问题
consider this simple example
dataframe <- data_frame(x = c(1,2,3,4,5,6),
y = c(12,24,24,34,12,15))
> dataframe
# A tibble: 6 x 2
x y
<dbl> <dbl>
1 1 12
2 2 24
3 3 24
4 4 34
5 5 12
6 6 15
dataframe %>% ggplot(., aes(x = x, y = y)) +
geom_point() +
geom_smooth(method = 'lm', formula = y~x)

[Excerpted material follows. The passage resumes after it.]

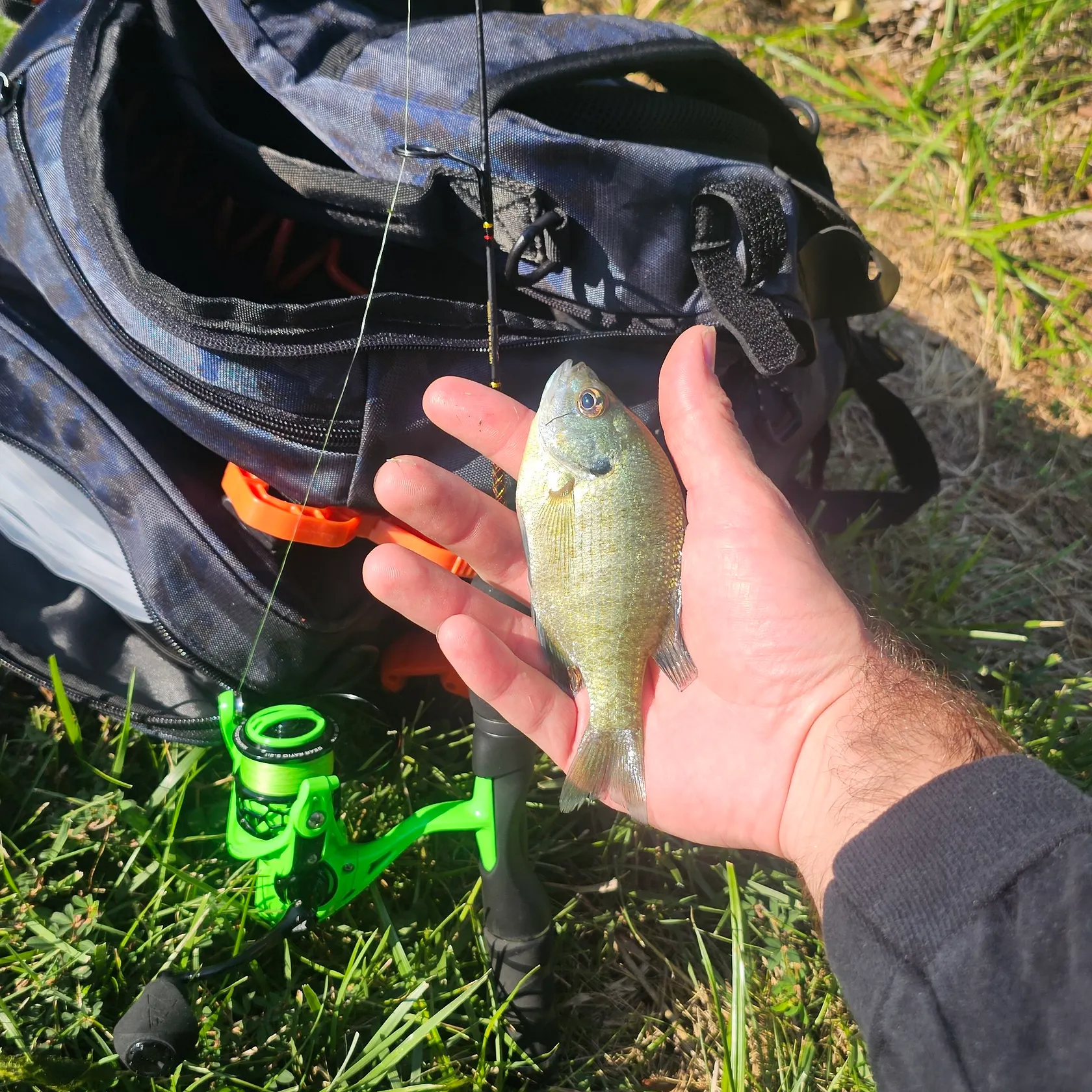 Bluegill caught on Fishbrain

Here the standard errors are computed with the default option. However, I would like to use the robust variance-covariance matrix available in the package sandwich
and lmtest
That is, using vcovHC(mymodel, "HC3")
Is there a way to get that in a simple way using the geom_smooth()
function?
回答1:
HC robust SEs (simple)
This is easily done now thanks to the estimatr package and its family of lm_robust
functions. E.g.
library(tidyverse)
library(estimatr)
dataframe %>%
ggplot(aes(x = x, y = y)) +
geom_point() +
geom_smooth(method = 'lm_robust', formula = y~x, fill="#E41A1C") + ## Robust (HC) SEs
geom_smooth(method = 'lm', formula = y~x) + ## Just for comparison
theme_minimal()
HAC robust SES (a bit more legwork)
The one caveat is that estimatr
does not yet offer support for HAC (i.e. heteroscedasticity and autocorrelation consistent) SEs a la Newey-West. However, it is possible to obtain these manually with the sandwich
package (which is kind of what the original question was asking anyway) and then plot using geom_ribbon()
.
I'll say for the record that HAC SEs don't make much sense for this particular data set, but here's an example of how you could do it, riffing off this excellent SO answer on a related topic.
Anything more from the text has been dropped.